Frequently asked questions

Generalities
Dialogue domains
Miscellaneous
Technical issues
- I get an UnsupportedClassVersionError when I try to run OpenDial.
- Speech recognition with the Nuance API does not seem to work.

Generalities

What is the relationship between OpenDial and MDP/POMDP approaches?

As in existing statistical frameworks, OpenDial represents the dialogue state as a Bayesian network that is regularly updated with new observations and employed to calculate the utility of possible system actions. The key difference between OpenDial and traditional MDP/POMDP approaches is that the domain models (i.e. the transition, reward and observation models) are expressed via probabilistic rules instead of the usual representations for probability distributions and utility functions.

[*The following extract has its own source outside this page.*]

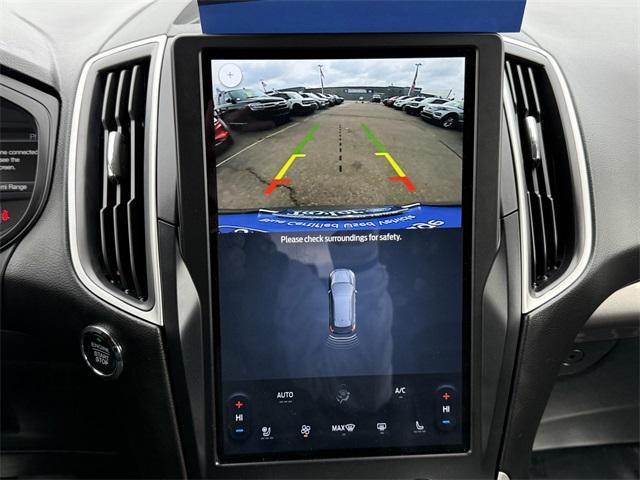 used 2024 Ford Edge car, priced at $28,999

The rules are essentially high-level templates for probabilistic models. They provide an abstraction layer that allows the system designer to capture the domain in a concise and human-readable form, with a limited number of parameters. In other words, OpenDial can be seen as following a "structured POMDP" approach to dialogue. See Lison (2014) for a more detailed description of the formalism.

What exactly are the utility rules? Do they represent rewards, action-values, or something else?

It depends on the planning horizon that is employed for your domain. In the most common case, the planning horizon is set to 1 (i.e. limited to the present time step). In this setting, the action selected by OpenDial will simply correspond to the one that maximises the total utility in the current dialogue state. It is, however, also possible to use planning horizons larger than 1, in which case online planning is performed to find the action that maximises the accumulated utilities from the present time up to the horizon limit (given a particular discount factor). Online planning is, however, a computational expensive operation due to the combinatorial explosion of the number of possible interaction paths to consider. It also necessitates the specification of a full transition model.

For most dialogue domains, we recommend therefore to keep the planning horizon to its default value, and ensure that the (handcrafted or learned) utilities reflect the long-term utilities of the action, and not just its immediate reward.

Why is there a distinction between "predictive" variables X^p and normal state variables X in OpenDial?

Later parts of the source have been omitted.